Saturday, August 30, 2008

Ninth Street and the Mirror Stage

On Friday, I was walking through downtown Columbia to teach my morning class, and watching the people, the diverse crowd that always seems to include some students, some homeless men and women, and some people whose jobs or paths or lives have given way to walking there for a few minutes. I saw a girl, who may have been about three, looking at her reflection in the window of one of the stores, and making this noise of joy at what she saw there. Her mother said, "Do you see yourself there?" She didn't answer for a second, and I walked past and didn't hear whether she said yes or no. Whatever she was thinking, I was thinking about Lacan's description of the infant finding a specular self in the mirror, that's separated when we see that the mirror is a naturally occurring thing that only represents what's put in front of it, and that this helps to break us away from the necessary narcissism of infant dependency.
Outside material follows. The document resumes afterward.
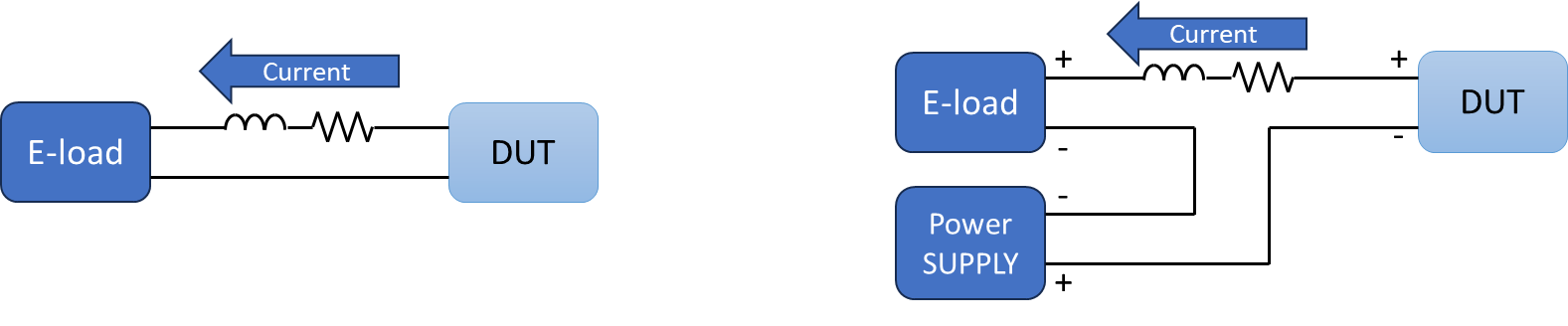 Figure 5: A test setup with a common electronic load (E-load) on the left and a system with a bias power supply on the right. The system with the bias power supply increases the slew rate of the electronic load.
I've been thinking, too, about how Lacan apprenticed himself to Freud, and seemed to find his genius not by a process of deduction but by this sense of entering his own mirror stage with Freud, after the infancy of being immersed in Freud's work, not leaving his sense of questioning behind but examining its continuities, its harmonies, and, finally, finding the place where the study of the mind and the study of the signifier met, both of them aligned in his thinking so that the imperative to start to speak to his community began, powerfully enough that his force and passion drew crowds to whom his reasoning came home. In this passing on of language, not solely for its logic but also for the beauty of its construction, he was carrying out the role of the poet that Plato describes in Ion, demonstrating it himself, first and foremost, by being a conduit for the ideas of Socrates.

The girl staring into the window, making a sound, was making poetry, and we can see her not being stumped by the question of who the girl is in the window, but seeing her own face superimposed on the colors and shapes in the store, the people moving there, at the point when the mirror turned into glass.